A lot of people in the Eastern Panhandle say they're thankful this holiday season, but local officials say more than ten-percent of the population is still living in poverty.
"When we talk about Thanksgiving or Christmas holiday coming up, we certainly realize how fortunate we are when we sit around at the dinner table, with our families partaking in a wonderful meal, and have a lot of pride in that meal," says Delegate Tiffany Lawrence (D-Jefferson) District 65. "We realize a lot of families children don't have that luxury."

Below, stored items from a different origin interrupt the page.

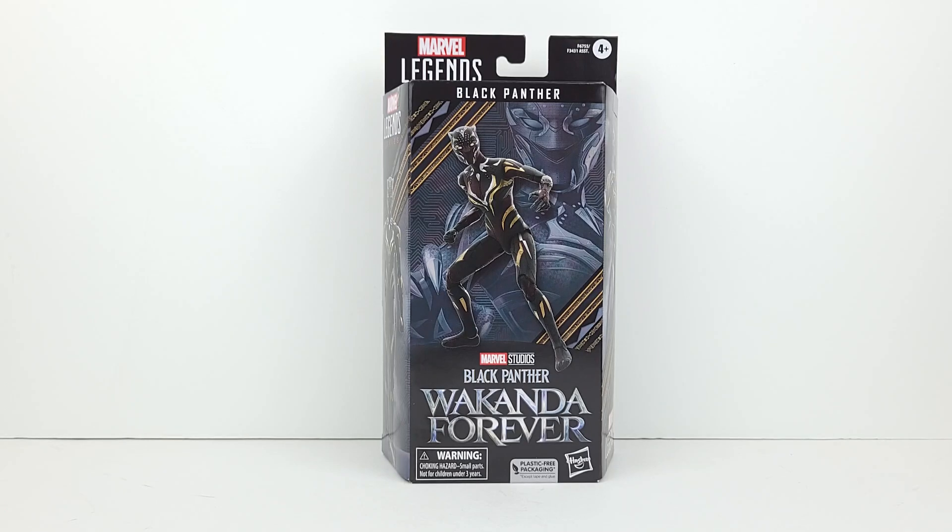Welcome everyone. Today I have the Marvel Legends Black Panther action figure from the Black Panther Wakanda Forever film. Essentially, this has been one of the most anticipated Marvel Legends figures. As to the identity of who is under the Black Panther mask, there is much speculation that it is none other than Shuri, the sister of the late T'Challa.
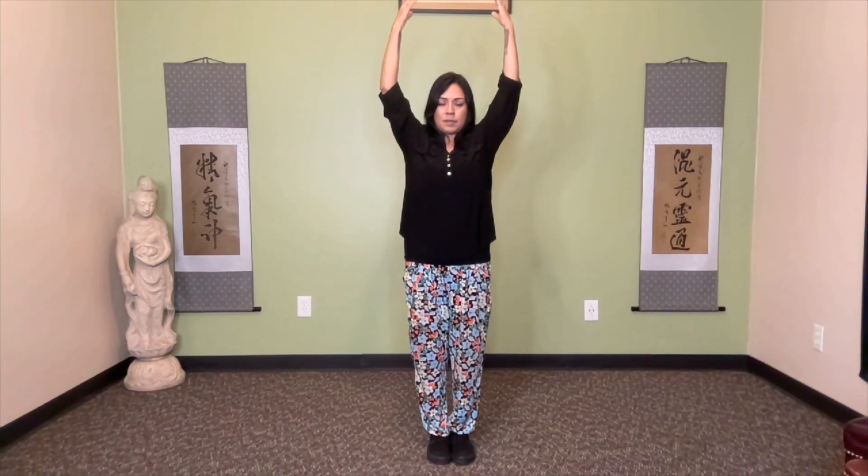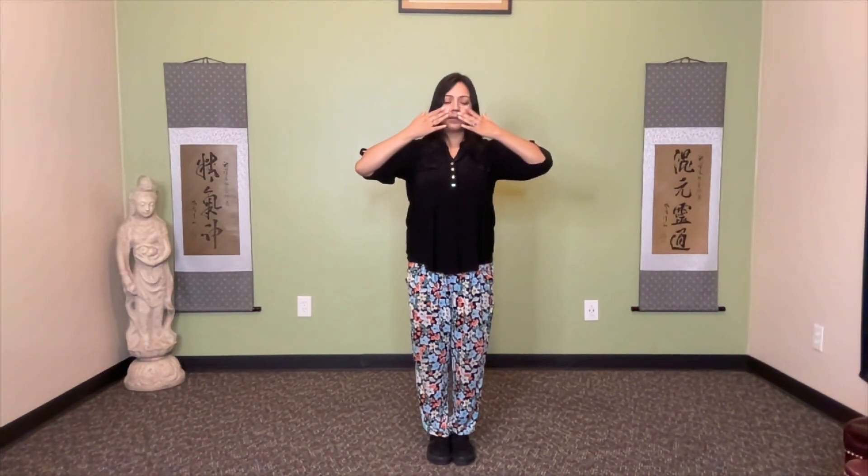A few more times — hold chi up, up to above the head, turn the palms down, core chi down. Wait for just a few moments before we physically draw the palms down. Palms over bah hui, sending chi inside to all structures of the head, the neck, all structures and organs of the chest.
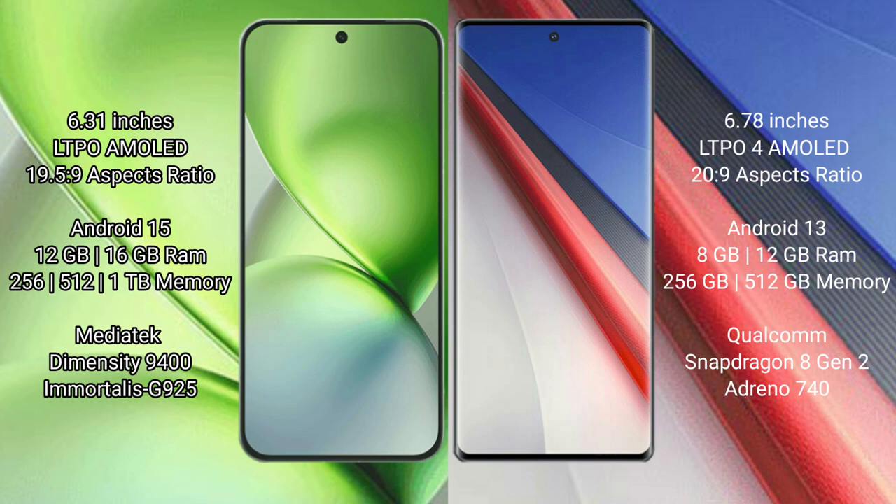The Vivo X200 Pro Mini runs on the Android 15 operating system, while the Vivo iQOO 11 Pro runs on Android 13. The Vivo X200 Pro Mini comes with 12GB or 16GB RAM, and 256GB, 512GB, or 1TB internal storage, powered by the MediaTek Dimensity 9400 processor with GPU G925.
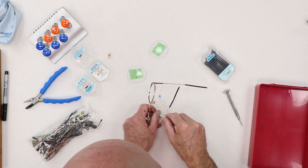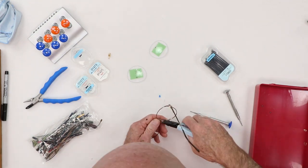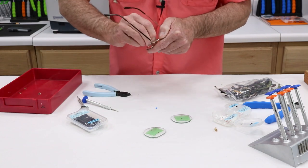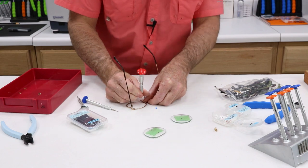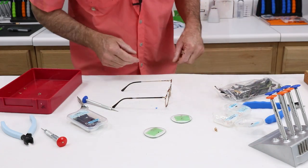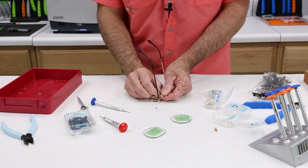I honestly do not even know what happened on this other side, but it is ugly. Let's go ahead and cut that off. Do you believe this is actually just going to work? I can't. And that tightened down just fine. So we got ourselves some beautiful, nice new nose pads on there as well.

Now West Virginia political officials and community leaders are speaking about how to deal with the "Poverty in the Panhandle." They say it starts with business leaders and public officials coming together and helping out the children in need. They say if the children do not receive help now they will grow up into a life of trouble.
"Where a third of our workforce will be on either drugs or disability, a third will be incarcerated a third will be leaving the state that we need to do something different here. The idea is to create and have in a healthy environment where a child can grow," says Senator John Unger, West Virginia Senate Majority Leader.
Delegate Jason Barrett says state legislature understands the poverty issue, and that new legislation could be introduced this state legislative session to help the residents in need.
"In the legislature, we are well aware of it," says Delegate Jason Barrett, (D-Berkeley) District 61. "We are doing things like this out in the community, where the community folks are engaged, we don't focus on, we focus on how do we fix the problem, what are some avenues we can take."
The discussion was sponsored by the United Way of the Eastern Panhandle.